Reported: 2012-07-18 17:22 UTC by contributor
Modified: 2012-08-30 02:57 UTC (History)
9 users (show)

See Also:


Attachments

Description contributor 2012-07-18 17:22:48 UTC
This was was cloned from bug 14552 as part of operation convergence.
Originally filed: 2011-10-24 11:53:00 +0000

================================================================================
 #0   contributor@whatwg.org                          2011-10-24 11:53:28 +0000 
--------------------------------------------------------------------------------
Specification: http://www.whatwg.org/specs/web-apps/current-work/multipage/the-video-element.html
Multipage: http://www.whatwg.org/C#parsing-0
Complete: http://www.whatwg.org/c#parsing-0

Comment:
<track> support // and /* */ comments everywhere except in the signature line

Posted from: 85.227.157.105
User agent: Opera/9.80 (Macintosh; Intel Mac OS X 10.5.8; U; en) Presto/2.9.168 Version/11.52
================================================================================
 #1   Simon Pieters                                   2011-10-24 11:58:25 +0000 
--------------------------------------------------------------------------------
It should be possible to add comments in WebVTT files. We should use an intuitive and useful comment syntax. We have implemented // for line comment and /* */ for multiline comment.
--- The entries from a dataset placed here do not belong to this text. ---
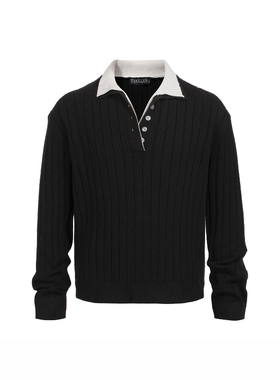 Without Me/TZ killer 内搭翻领立领长袖毛衣 条纹羊毛打底衫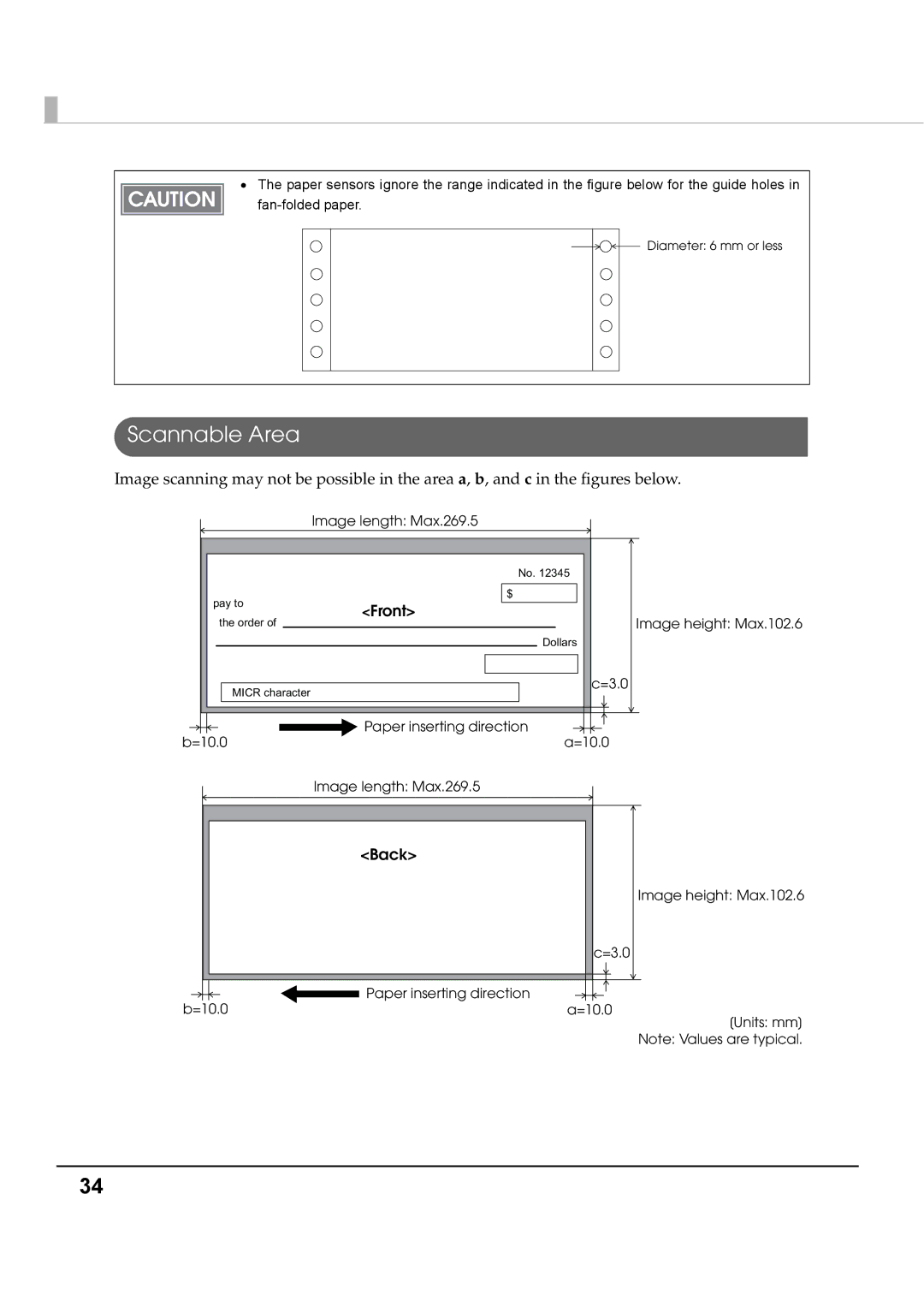 Epson TM-S1000 specifications Scannable Area, Front, Back 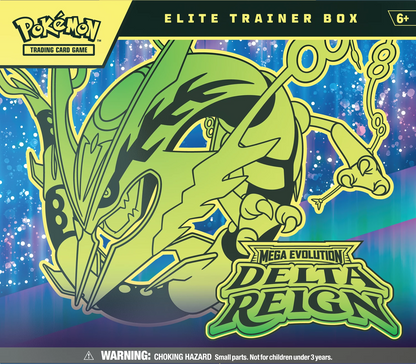 Pokémon Delta Reign Elite Trainerbox, Nahansicht des grünen Mega-Evolution-Delta-Reign Designs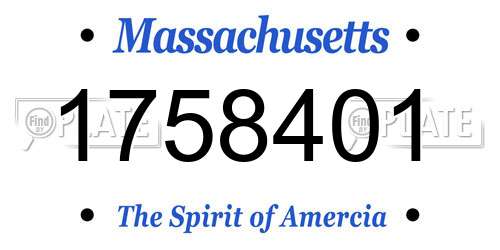 1758401 Massachusetts License Plate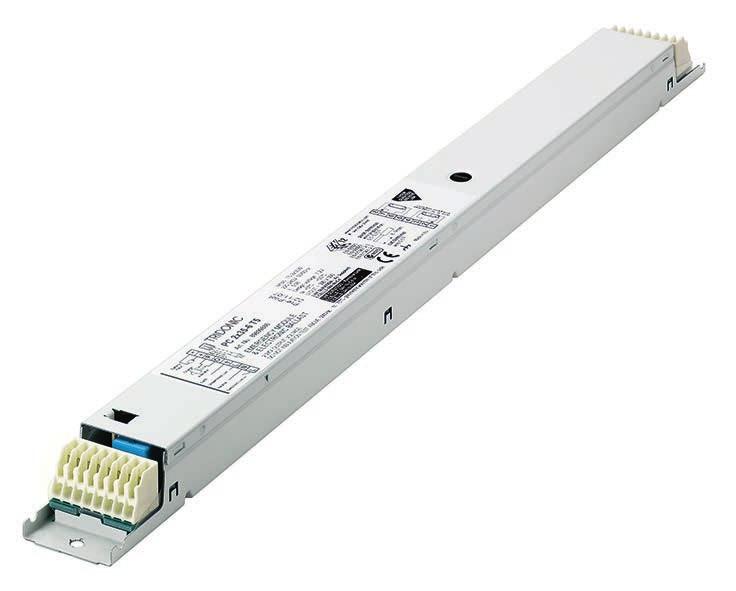 T5 PC, 220 240 V 50/60 Hz Linear fluorescent lamps Product description Combination of electronic ballast and emergency lighting unit For T5 fluorescent lamps Low-profile casing (21 x 30 mm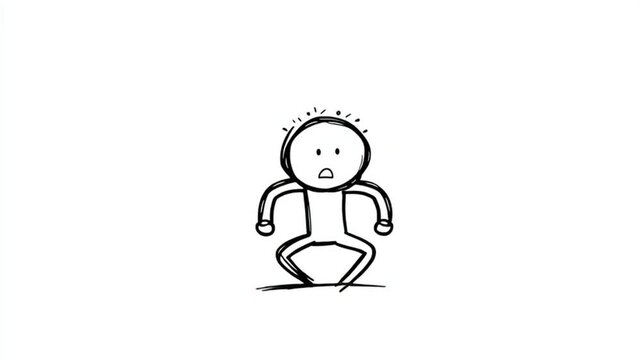 Stick Figure Squatting With Tensed Arms In Shock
Only 35 files out of 65k contain "/*" in our set of SRT files.
================================================================================
 #2   Simon Pieters                                   2011-10-24 12:00:27 +0000 
--------------------------------------------------------------------------------
If you want to use "/*" in cue data, we could introduce an entity for slash or asterix.
================================================================================
 #3   Philip J                                        2011-10-25 11:52:51 +0000 
--------------------------------------------------------------------------------
I want to mention another idea we had for the escaping problem. Rather than escaping < as &lt; and then by necessity having &amp;, < could be escaped as <<. <> is already treated as a bogus empty tag, so we could make that official and escape // as /<>/ and /* as /<>*. Admittedly weird, but perhaps worth considering.
================================================================================
 #4   Ralph Giles                                     2011-10-25 15:53:30 +0000 
--------------------------------------------------------------------------------
I've never liked having to use entities for < and >, that seems like a major opportunity for error in converting srt or just creating the files in general, so have some sympathy for <<, but using <> as an escape digraph doesn't seem any better.
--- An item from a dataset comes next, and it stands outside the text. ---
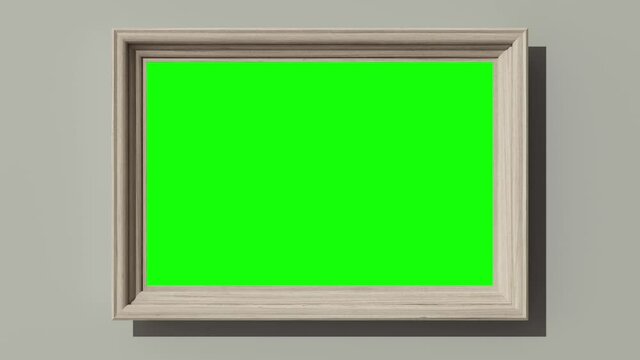 Wooden horizontal frame on painted wall. Seamless footage. Looping. Chromakey. 3D render square wooden frame mock up. Empty interior. Blank. 3D illustration. 3D design interior. Looped template.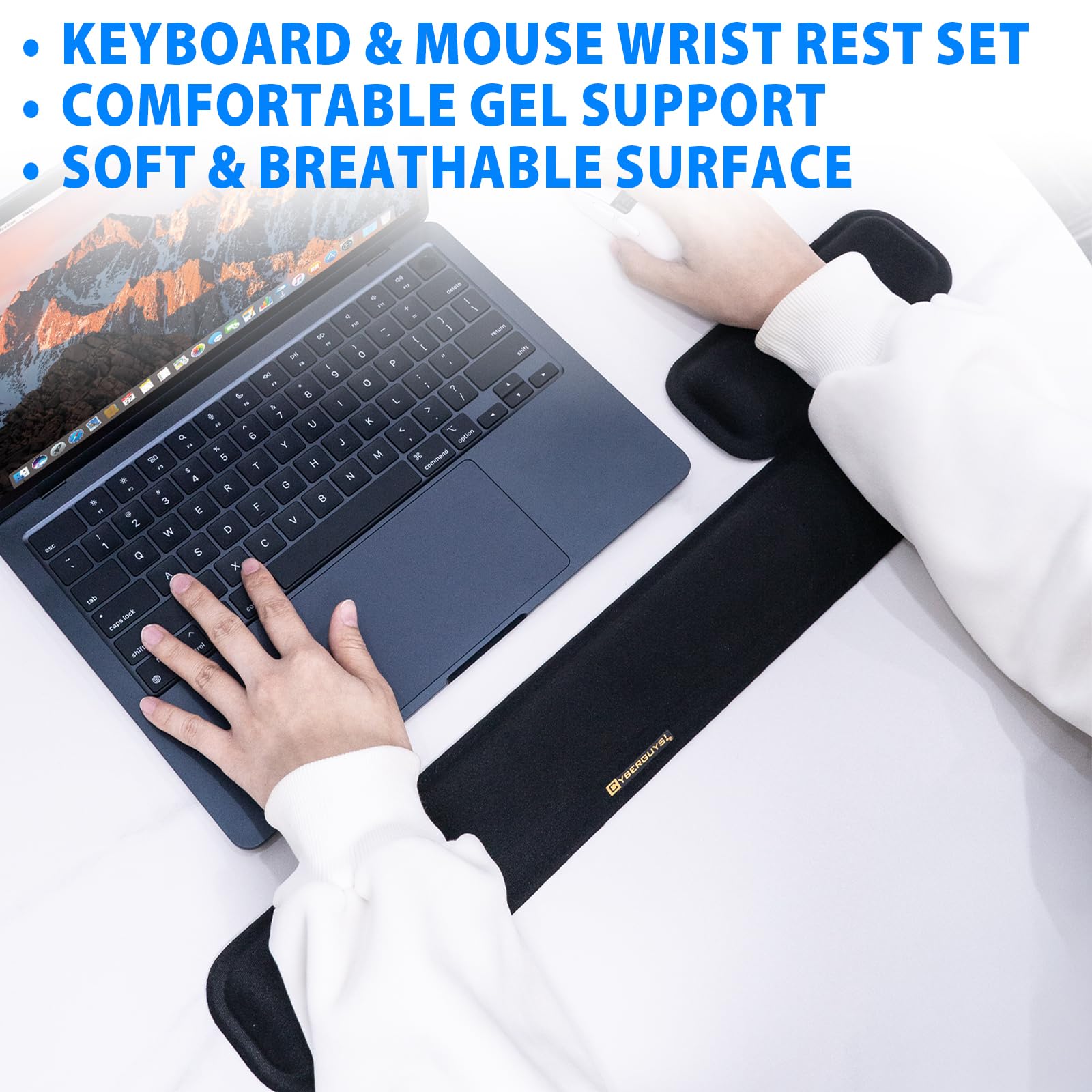 Cyberguys! Ergonomische Maus-Handgelenkauflage, Silikon-Gel-Handgelenkpolster für Maus, weiche Lycra-Oberfläche, Handgelenkstütze, Mauspad, rutschfeste PU-Basis, bequeme Gel-Handgelenkstütze für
I mean, it would be a great idea if everyone creating captions was an expert, but we have the opposite issue.

I would like to have a way to specify comments, and C-style is straightforward to parse, but my first thought was that I would have found shell style '#' or html-style '<!-- ... -->' comments more natural. Are there any of those in your SRT corpus?
================================================================================
 #5   Philip J                                        2011-10-25 16:13:41 +0000 
--------------------------------------------------------------------------------
(In reply to comment #4)
> I've never liked having to use entities for < and >, that seems like a major
> opportunity for error in converting srt or just creating the files in general,
> so have some sympathy for <<, but using <> as an escape digraph doesn't seem
> any better.

I agree, this is not exactly perfect. &escapes; are also not perfect, as we'd need &slash; which does not exist in HTML and almost none of the HTML escapes work in WebVTT, so it's not clear that having similar syntax is only a good thing.

> I mean, it would be a great idea if everyone creating captions was an expert,
> but we have the opposite issue.
> 
> I would like to have a way to specify comments, and C-style is straightforward
> to parse, but my first thought was that I would have found shell style '#' or
> html-style '<!-- ... -->' comments more natural. Are there any of those in your
> SRT corpus?

<!-- --> doesn't work for commenting out entire cues:

<!--
00:01.000 --> 00:02.000
Bla
-->

# occurs in 4211/65643 files. Example:

393
00:24:26,887 --> 00:24:29,276
# Hey, I know what I'm gonna do

// occurs in 2229/65643 files. Example:

510
00:40:43,500 --> 00:46:41,300
Subtitulado por aRGENTeaM
http://foro.argenteam.net
================================================================================
 #6   Ralph Giles                                     2011-10-25 17:15:45 +0000 
--------------------------------------------------------------------------------
Those are excellent points. I withdraw my suggestions for '#' and '<!-- -->'.

> // occurs in 2229/65643 files.

This makes me think // is a really bad idea too. I like just using plain text either within a cue before the timerange, or on its own as a heading, for one-line comments. Makes it harder to add extensions later, though.

So, what about just '/* */'? What's the use case for being able to comment out blocks? I can see it's great for testing, but does that justify all forgot-to-terminate and un-escaped '/*' blanking the rest of the subtitle file?
================================================================================
 #7   Ian 'Hixie' Hickson                             2011-10-25 23:59:52 +0000 
--------------------------------------------------------------------------------
Do we really need intra-cue comments? At least one caption writer reported at some point that actually they prefer not having comments at all as they're only really useful during translations and it's better to be able to see those comments while watching the video.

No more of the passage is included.